Community Violence and Early Childhood Language Development: The Moderating Role of Maternal Efficacy and Satisfaction
Agustina Laurito, University of Illinois Chicago

Abstract: This paper estimates the effect of community-level homicides on language development in early childhood. It also explores whether maternal efficacy and satisfaction moderate this relationship. It uses data from the Early Childhood Longitudinal Survey of Chilean children and their mothers matched to municipal level homicides. The empirical strategy exploits variation in the timing of survey data collection and municipal-level homicides in models with municipality fixed effects. We find that children in municipalities with homicides one month before the language assessment score between 2 and 4 points lower on the test compared to children in the same municipality but for whom homicides happened one month after the assessment. Maternal efficacy and satisfaction both moderate this relationship, but maternal satisfaction plays a more salient role. Language losses are larger for children whose mothers have weaker satisfaction. Among these children, homicides one month before the assessment lower scores by 4 to 7 points. By examining a context in which homicides are growing but still relatively low, this paper provides evidence that community violence does not need to be extreme or very localized to negatively affect child development. It also adds to the body of work that shows the interactions of various social settings are essential to shape child development.

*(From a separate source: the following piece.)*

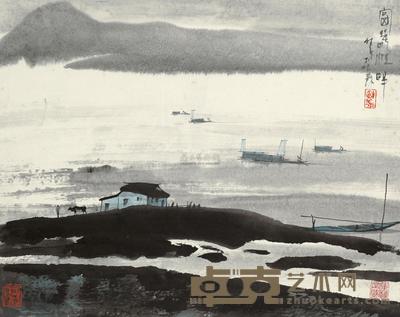 杨明义 富春江畔 立轴 42.5×53.5cm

Speaker Bio: Agustina Laurito is an Assistant Professor in the Department of Public Administration. She is an applied policy researcher who uses administrative and survey data and quasi experimental methods to answer questions at the intersection of social, education, and health policy. Agustina is broadly interested in how adverse experiences affect children and families and the role of public policy in ameliorating these effects. Among her current projects, she studies food assistance programs, and SNAP in particular, neighborhood crime and children, and more recently the effect of the opioid crisis on children and families. Agustina is also interested in immigrant families and children and her projects in this area investigate the role of non-school factors, including the home country, in shaping immigrant children academic success and well-being.